»Früher Vogel fängt den Wurm«, sagte der Staatsanwalt, als er in die übernächtigten Gesichter von Nicole Himmel und Heinrich Müller blickte. Die Haare des Detektivs verabschiedeten sich langsam von seinem Kopf, die noch anwesenden gruppierten sich in einem weißen Kranz. Wäre die Haut auf dem Schädel etwas dünner gewesen, hätte man die Emanationen der Intelligenz beobachten können.

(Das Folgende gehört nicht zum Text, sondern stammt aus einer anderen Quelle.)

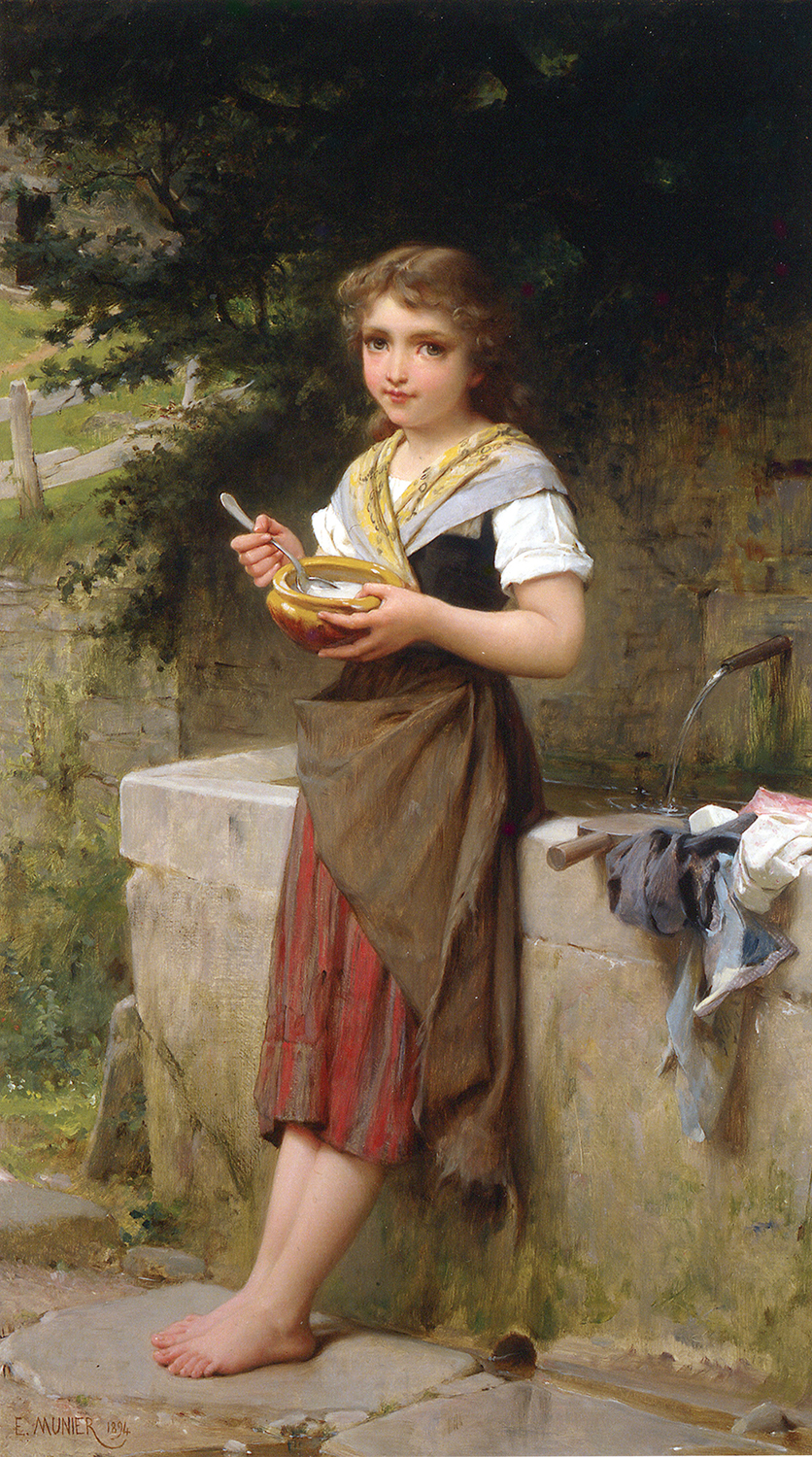 A young girl eating food from a bowl in a landscape - La jeune paysanne - Emile Munier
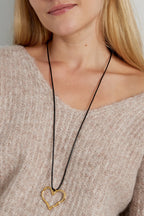 Ketting van Touw - Hart Zilver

»Dr. Schneider«, stellte er sich vor. »Sie sind also die berühmte Detektei Müller & Himmel?«
Müller taxierte den jugendlich aussehenden Mann und dachte bei sich: Früher musste man für diesen Job ein Rechtsstudium absolvieren und einige Jahre in der Justiz arbeiten. Offensichtlich haben sich die Regeln geändert. Der Mann wird die Staatsanwaltschaft heftig aufmischen – oder gehörig durcheinanderbringen.
Laut sagte er: »Freut mich, dass unser guter Ruf bis zu Ihnen durchgedrungen ist.«
Der Staatsanwalt konnte noch nicht lange in der Stadt sein.
»Na ja, der gute Ruf war es nicht, eher die Ihnen nachgesagte Hartnäckigkeit«, meinte Dr. Schneider. »Wie viele Mitarbeiter haben Sie?«
»Neben uns beiden sind es vier weitere Personen.«
»Oh … Ich wusste nicht, dass der Bedarf für private Ermittlungen in Bern so groß ist.«
Heinrich entgegnete: »Man unterschätzt die Dynamik dieser Stadt, auch in verbrecherischer Hinsicht.«
Der Staatsanwalt zögerte. »Man muss mit seinem Geschlechtsnamen leben«, sagte er dann. »Manchmal ergreift einer einen anderen Beruf, als für ihn vorgesehen ist, nicht wahr, Herr Müller?«
»Genau, Herr Schneider!«
»Die Handwerker haben es weit gebracht … bis zur Himmel!« Er gluckste vor Vergnügen über sein Wortspiel. Dann änderte er abrupt seinen Ton und wurde sachlich. Seine Miene verklumpte. »Ich möchte, dass Sie in voller Unabhängigkeit von der Polizei, im Notfall auch gegen sie ermitteln. Aber lassen Sie mich wissen, was Sie tun. Sie sind mir in Zukunft direkt rechenschaftspflichtig.«
»Wir können an allen Ermittlungen teilhaben?«, fragte Nicole.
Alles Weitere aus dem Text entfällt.